Global collaboration is an innovative teaching tool that helps prepare students to become active participants in our global community. Global collaborative projects tap into many of the existing and emerging skills and literacies required of teachers and students: listening, reading, writing, speaking, problem solving, creating, and using technology to practice digital citizenship (NETS).

In fact, collaboration is included throughout the

Common Core Learning Standards. It states in both the K-5 and 6-12 standards for speaking and listening, “Prepare for and participate effectively in a range of conversations and collaborations with diverse partners, building on others’ ideas and expressing their own clearly and persuasively.” (CCLS, 2010) Global collaborative projects help to meet these standards.
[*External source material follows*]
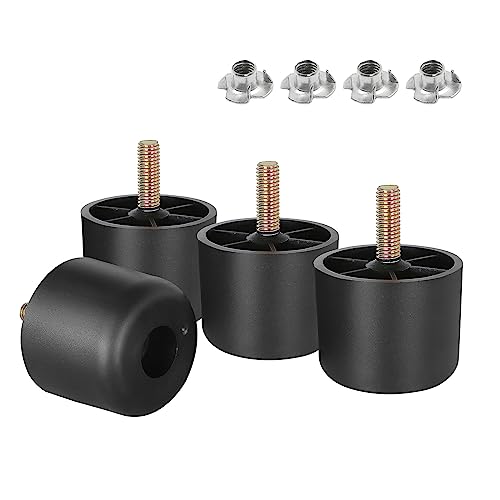 Masendelk 1-1/2 inch Plastic Furniture Legs, Round Tapered Table Legs Black Sofa Legs Replacement Legs with M8 Hanger Bolts for Couch Table Sofa, Pack of 4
Many global collaborative projects currently exist that teachers can apply and participate in such as Flat Classroom Project, iEarn, and Classroom2.0. Teachers can also create their own global collaboration projects. Global partnerships are about making connections with other teachers and schools to benefit all students’ learning. These partnerships can be made through Twitter, blogs, conferences, and or even with teachers around your school district. At this fall’s Edscape Conference (http://edscapeconference.com), I connected with the educational coordinator from the Japan Society in New York City to establish a partnership between students at a school in Japan and my middle school students in Rye, New York. The global collaborative project benefits my seventh and eighth grade media literacy elective. During the semester course, I use Disney animated films to teach critical theories of 6


gender, race, class, and age. To broaden the unit, I add Japanese anime so students can understand how anime can be a window into other cultures around the world. Japanese anime becomes an exciting catalyst to spark conversation and global awareness among my students in New York and the students in Japan. The goal of this project is to expand my students’ world views of different cultures through media literacy and more specifically, anime. Communicating Prior to participating in the global project with the students from Japan, I spend a week setting up the project with my students. I teach netiquette and responsible digital citizenship. Teachers cannot assume that students know how to work together collaboratively in the classroom, let alone online. When working with students around the world, one must take into consideration language barriers and cultural differences as well. Teachers need to support students throughout a global project to help to facilitate successful collaboration and communication. To help initiate a discussion about working with others, I give my students different scenarios with “sticky” small group situations, and I ask them to brainstorm positive responses. For example, one scenario includes a small group with one student who acts as a dictator and completes all the work while other group members take a backseat to the project. Another scenario is about miscommunication among group members. In the third scenario one group member’s contributions are inaccurate, but the other group members do not want to hurt the student’s feelings and the work is wrong. My own students resolve these small group situations and create positive alternatives.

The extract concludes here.